León XIII destacó ampliamente la importancia del rezo en familia para el bien del matrimonio y de la familia.

San Pío X afirmaba: «Si queréis que la paz reine en vuestras familias y en vuestra patria, rezad todos los días el Rosario con todos los de casa».

El beato Pablo VI recomendaba: «Deseamos vivamente que, cuando un encuentro familiar se convierta en tiempo de oración, el Rosario sea su expresión frecuente y preferida» (Maríalis cultus, n. 54).

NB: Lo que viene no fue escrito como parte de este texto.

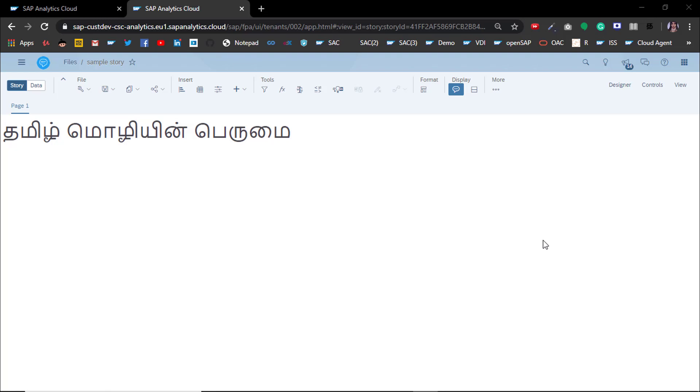When working with the SAP Analytics Cloud, especially languages other than English like Chinese, Japanese, German - I'm working with Tamil here.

San Juan Pablo II proclama en su Carta Apostólica Rosarium Virginis Maríae (16 de octubre de 2002) «El Rosario es, desde siempre, una oración de la familia y por la familia… Se ha de volver a rezar en familia y a rogar por las familias, utilizando todavía esta forma de plegaria. La familia que reza unida, permanece unida. El santo Rosario, por antigua tradición, es una ora­ción que se presta particularmente para reunir a la familia… La familia que reza unida el Rosario reproduce en cierto modo el clima de la casa de Nazaret: Jesús está en el centro, se comparten con él alegrías y dolores, se ponen en sus manos las necesidades y proyectos, se obtienen de él la esperanza y la fuerza para el camino. Es hermoso y fructuoso confiar también a esta oración el proceso de crecimiento de los hijos… Rezar con el Rosario por los hijos, y, mejor aún, con los hijos (nn. 41-42).

Benedicto XVI invita a releer la Carta Apostólica Rosarium Virginis Mariae del Siervo de Dios Juan Pablo II e invita a llevar a la práctica sus indicaciones a nivel personal, familiar y comunitario (Angelus 2. 10. 05)

Igualmente, invita a los recién casados, a «hacer del rezo del Rosario en familia un momento de crecimiento espiritual bajo la mirada de la Virgen María» (Audiencia General 17. 05. 06).

Francisco nos dice: «En el mes de mayo, quisiera recordar la importancia y la belleza de la oración del santo Rosario. Rezando el Ave María, somos conducidos a contemplar los misterios de Jesús, es decir a reflexionar sobre los momentos centrales de su vida, para que, como para María y para san José, Él sea el centro de nuestros pensamientos, de nuestras atenciones y de nuestras acciones. ¡Sería hermoso si, sobre todo en este mes de mayo, se rezase juntos en familia, con los amigos, en Parroquia, el santo Rosario o alguna oración a Jesús y a la Virgen María! La oración en conjunto es un momento precioso para hacer aún más sólida la vida familiar, la amistad! ¡Aprendamos a rezar cada vez más en familia y como familia!»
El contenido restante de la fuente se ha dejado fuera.